A better than quadrupled PFS benefit observed in cohort 1 in comparison with the previously reported benefit in the EQUULEUS trial (which led to US Food and Drug Administration approval of the DARA-POM-D combination) highlights the fact that the introduction of monoclonal antibody combination strategies and IMiDs as earlier lines of therapeutic options potentially could deliver better clinical outcomes. One-third of patients refractory to separate lines of DARA and/or POM responded when they were re-treated with a combination, and this resulted in survival benefits equivalent to those of other antimyeloma agents/combinations available for DARA-refractory patients.

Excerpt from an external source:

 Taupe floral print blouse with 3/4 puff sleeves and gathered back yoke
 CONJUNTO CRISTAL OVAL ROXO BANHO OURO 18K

达雷妥尤单抗(DARA)在临床试验中作为单药以及与标准治疗方案联合治疗多发性骨髓瘤(MM)的疗效已得到证实。本文报告了 DARA 联合泊马度胺(POM)和地塞米松(即 DARA-POM-D)的安全性和疗效的回顾性分析,更重要的是,报告了一组首次接受 DARA 和 POM 治疗的患者以及一组在接受 DARA 和/或 POM 治疗后评估重新治疗效果的患者的长期随访情况。

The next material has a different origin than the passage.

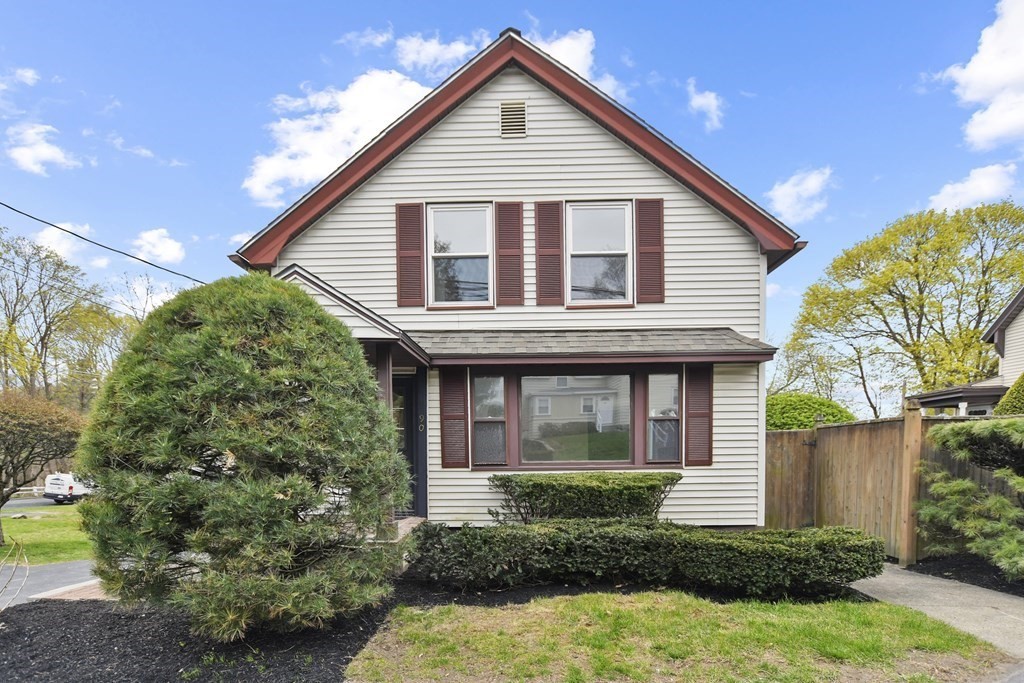 90 Manning Street Hudson, MA 01749 - Photo 25 of 33 a front view of a house with garden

2015 年 1 月至 2016 年 7 月,在埃默里大学温希普癌症研究所接受 DARA-POM-D 治疗的 34 例复发性和/或难治性 MM 患者纳入分析。该研究得到了埃默里大学机构审查委员会的批准。所有患者均接受过蛋白酶体抑制剂和免疫调节药物(IMiDs)治疗,且对最后一线治疗均耐药。
所有患者均对来那度胺耐药,91%的患者对硼替佐米耐药。根据患者先前是否接受过 DARA 和/或 POM 治疗,将患者分为两个队列。队列 1(12 例患者)为 DARA 和 POM 初治患者,队列 2(22 例患者)为 DARA 和/或 POM 耐药患者。队列 2 中有 12 例患者(队列 3)为 DARA 和 POM 双重耐药。该联合方案的耐受性与评估该联合方案的已发表的 1b 期研究(EQUULES)的结果一致,未观察到新的安全性信号。队列 1、2 和 3 的总体缓解率(ORR)分别为 91.7%、40.9%和 33.3%。在队列 1 中观察到深度缓解,包括 4 例严格完全缓解。在队列 2 中,ORR 包括 8 例部分缓解(PR)和 1 例非常好的 PR。在中位随访 41 个月时,队列 1 的中位无进展生存期(PFS)未达到,而队列 2 为 3.2 个月。DARA-POM-D 不仅对 DARA 和 POM 初治患者有效,而且对三分之一的再次接受这些药物治疗的患者也产生了临床反应。
与 EQUULEUS 试验(该试验导致美国食品和药物管理局批准 DARA-POM-D 联合方案)先前报告的获益相比,队列 1 观察到的 PFS 获益增加了四倍以上,这表明引入单克隆抗体联合策略和 IMiDs 作为早期治疗方案的选择,可能会带来更好的临床结局。当三分之一的患者对 DARA 和/或 POM 的单独治疗线产生耐药性时,他们重新接受联合治疗会产生应答,并且这产生了与其他可用于 DARA 耐药患者的抗骨髓瘤药物/联合方案相当的生存获益。